Karena Islam agama dakwah, yang menyerukan umatnya agar menyebarkan ajaran Islam. Tentu menyebarkannya dengan kekerasan bukanlah cara yang tepat, namun berdakwah dengan hikmat dan cara yang baik:
"Serulah (manusia) kepada jalan Tuhanmu dengan hikmat dan pelajaran yang baik dan bantahlah mereka dengan cara yang baik." (Lebah 16:125)
Dan jika mereka menolak seruan kita maka Allah telah berfirman, “Dan jikalau Tuhanmu menghendaki, tentulah beriman semua orang yang di muka bumi seluruhnya. Maka apakah kamu (hendak) memaksa manusia supaya mereka menjadi orang-orang yang beriman semuanya?” (Yunus 10:99).
Dengan kata lain, jika mereka menolak maka seorang muslim tidak diperkenankan untuk memaksanya.
Sebagai penutup perlu diketahui pula bahwa menurut Al Quran dalam Pembeda 25:68 dijelaskan tentang seorang mukmin sejati, “Dan orang-orang yang tidak menyembah tuhan yang lain beserta Allah dan tidak membunuh jiwa yang diharamkan Allah (membunuhnya) kecuali dengan (alasan) yang benar."
AJARAN KRISTEN
Belakangan ini kita melihat perang dan kekerasan terjadi di banyak tempat dan dari kekerasan yang timbul itu banyak juga orang-orang yang beragama Kristen terlibat. Dalam konteks inilah sering timbul pertanyaan apakah Ajaran Kristen mengajarkan kekerasan?
Ada yang menyebut adanya indikasi kekerasan itu terjadi karena Alkitab dianggap mengajarkan hal itu, itu antara lain disebutkan terlihat dari ayat-ayat berikut:
"Mereka menumpas dengan mata pedang segala sesuatu yang di dalam kota itu, baik laki-laki maupun perempuan, baik tua maupun muda, sampai kepada lembu, domba, dan keledai." (Yosua 6:21)
"Tetapi dari kota-kota bangsa-bangsa itu yang diberikan TUHAN Allahmu, kepadamu menjadi milik pusakamu, janganlah kaubiarkan hidup apapun yang bernafas." (Ulangan 20:16)
"Siapa yang menghujat nama TUHAN, pastilah ia dihukum mati dan dilontari dengan batu oleh seluruh jamaah itu.
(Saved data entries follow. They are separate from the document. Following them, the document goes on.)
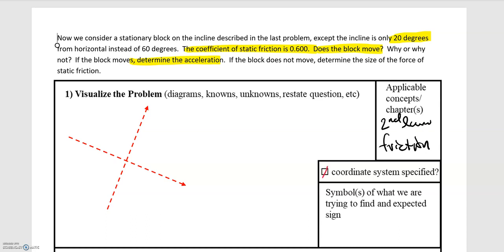As with every problem, we're going to start by defining our coordinate system. Since we have motion or attempted motion on an incline, we want to use a tilted coordinate system. Anytime motion is happening on an incline or decline, you always want to tilt your coordinate system to match the angle of the incline. Here the coordinate system is at an angle of 20 degrees. I'll choose the upward direction as positive y and the downward-along-incline direction as positive x.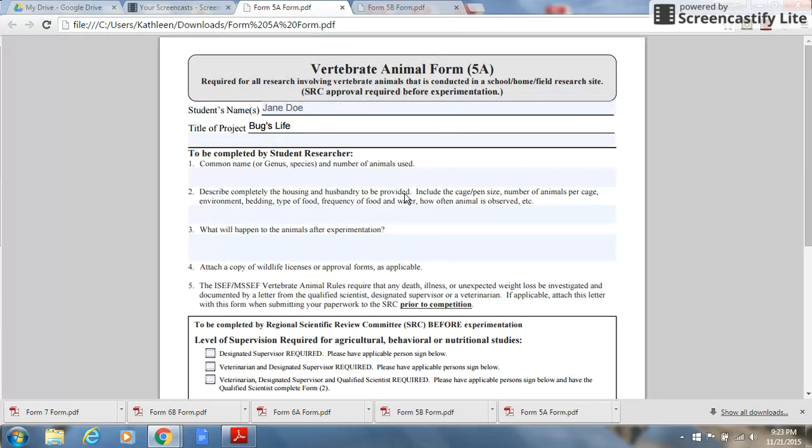Any questions you might have about your student's project and their use of vertebrate animals should be directed to the Boston Public School Science Department prior to December 18th.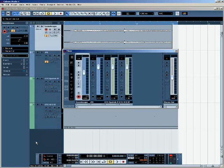The mixer in Cubase allows you to view and change the settings for all of the individual tracks in your project simultaneously. In this tutorial, we're going to cover some of the main functions of the mixer, which you can see here.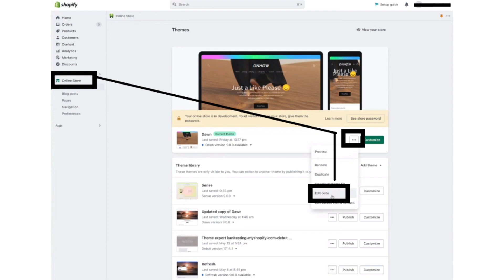Then click on the Themes button. After that, click on the three dots button. Now a dropdown will appear. Click on the Edit Code option.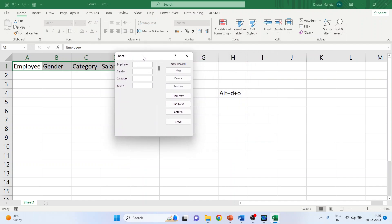Now write down here - employee number one, gender male, category custodial, salary $40,000.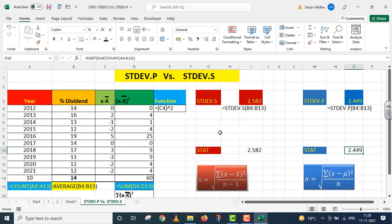One method using Excel functions and another using the statistics formula. If we have clarity on these basics, it becomes very easy to understand Excel. I hope now you can perform these two functions — stdev.p versus stdev.s — very well. Thank you very much.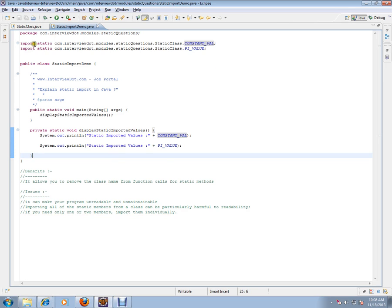If you need only one or two members, then it's fine. If you have only, for example, here, only two values you want to import using static import, you can do that. But if you want to do it for all the variables, your code will become like unreadable and unmaintainable.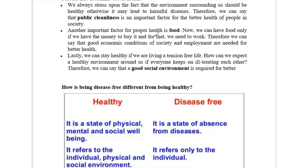If we eat healthy food, it positively affects our health. We can have good food only if we have money — if our economic condition is good, then we can afford better quality food. We can purchase good quality vegetables, dry foods, and other foods if our economic condition is better.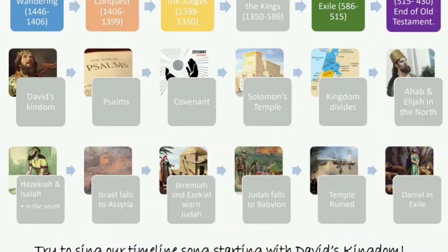Here's a quick timeline review. In the top left corner we start with Desert Wandering, then Joshua's Conquest, the Period of the Judges, Period of the Kings, Babylonian Exile, and Post-Exile — or the end of the Old Testament. We're going to continue this week in the Period of the Kings, wrapping up with Judah falls to Babylon and the temple is ruined, and then we'll begin next week starting with the Babylonian Exile.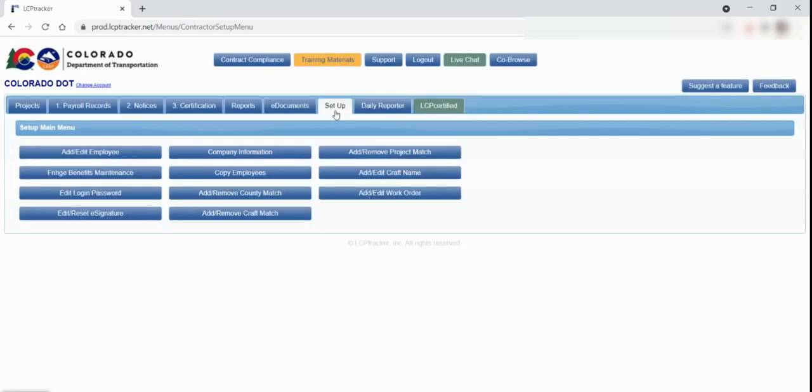The next tab is the setup. In this tab, you have the ability to add or edit employees that will be reported on payroll, edit your login password, and edit or reset your e-signature.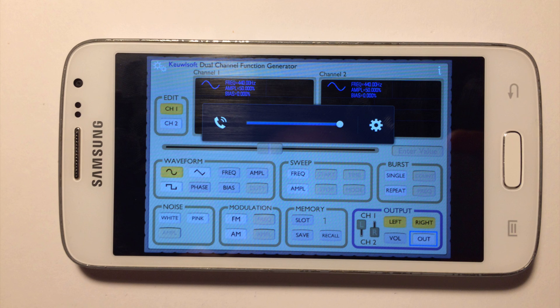That's it for today. I hope that you found this video useful and have fun with your new function generator. Thank you so much, everyone.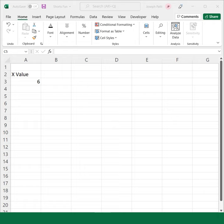This function returns the natural logarithm of the gamma function, and all you need is the value for which you want to calculate the GAMMALN.PRECISE.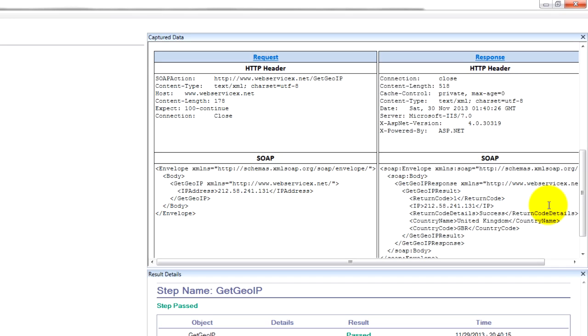Obviously, scripting errors do happen and sometimes they will return you something weird. So then you can go log a bug and figure those issues out with your development.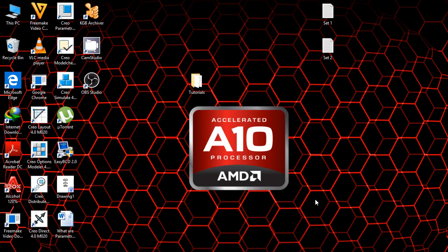Hello, my name is Hamza Talal Khan. I am a student of mechanical engineering currently enrolled in sixth semester. Today we are going to model a spur gear using parametric equations on PTC Creo 4.0.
Baik yang asing maupun orang Israel asli, bila ia menghujat nama TUHAN, haruslah dihukum mati." (Imamat 24:16)
"Jadi pergilah sekarang, kalahkanlah orang Amalek, tumpaslah segala yang ada padanya, dan janganlah ada belas kasihan padanya. Bunuhlah semuanya, laki-laki maupun perempuan, kanak-kanak maupun anak-anak yang menyusu, lembu maupun domba, unta maupun keledai." (1 Samuel 15:3).
Memang dalam Perjanjian Lama tidak sukar mencari ayat-ayat bernada seperti itu dan bila kita menafsirkannya secara harfiah di luar konteksnya maka akan mudah sampai pada kesimpulan demikian, namun apakah ini perilaku yang diikuti oleh umat Kristen?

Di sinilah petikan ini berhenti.